This World We Think We Know So Well
Lucas Zwirner and Jason Rhoades, 2000. Courtesy David Zwirner New York/ London.
When I was ten years old, Jason Rhoades gave me a pump-action air rifle–not strong enough to do any real damage, but summer-defining nonetheless. A few years later, he exhibited a sculpture titled PeaRoe Ramp (from Wastewedge, Part of Impetuous Process, 2002), with Embedded HiFi and Honda XR50 (2003). The ramp was precisely what the long title describes: a bike ramp made of a new material Jason had invented called "PeaRoeFoam" (bright green peas, red fish roe, and small white foam pellets mixed together with glue), with a stereo embedded in it (HiFi). It came with a 50cc miniature Honda dirt bike: a child-sized dirt bike, the kind Jason would have ridden growing up in Northern California.
After the show came down, Jason let me use the little bike all summer. I discovered a hidden path off Otis Lane near my family's house in Bellport, and I rallied around there for months, creating obstacle courses, crashing, and driving again. Then, one day in late August, while I was riding in circles on the lawn, a friend of mine aimed Jason's air rifle at me and fired. I swerved, fell down and became hysterical, screaming incoherently the way children often do when they aren't sure how much pain they're really in. I had a bruise the size of a cherry on my back for weeks.

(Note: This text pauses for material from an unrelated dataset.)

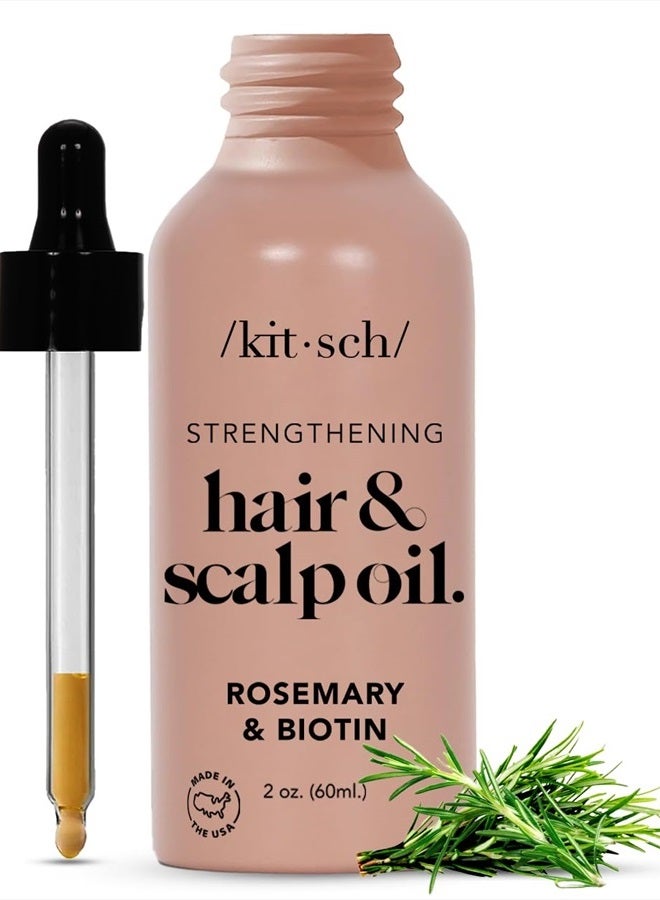 Rosemary Oil for Healthy Scalp, Pre Wash Scalp & Hair Oil Infused with Biotin, Hair Strengthening Treatment, Nourishing & Volumizing in Recycled Bottle, 60 mL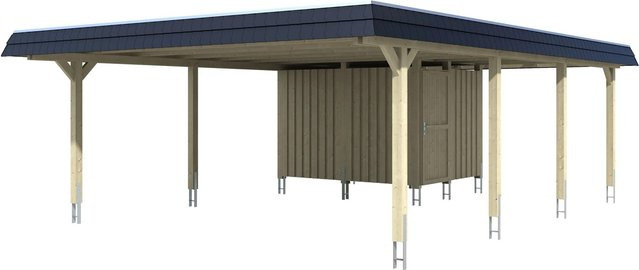 Skan Holz Doppelcarport Wendland mit Anbau in Weiß mit schwarzer Alu-Dachblende, B/T: 630 x 879 cm - Bild 1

I never got to tell Jason this story–he died the following summer–but he would have loved it. And in a way, for me, it holds clues to one of the most significant aspects of his work.
Jason loved the seemingly insignificant–chance connections and encounters that present themselves over the course of everyday life. He hunted for them, was always alert to them, and when he found one, he would pour his energy and thought into it until the moment became a system of connections, the system a work of art.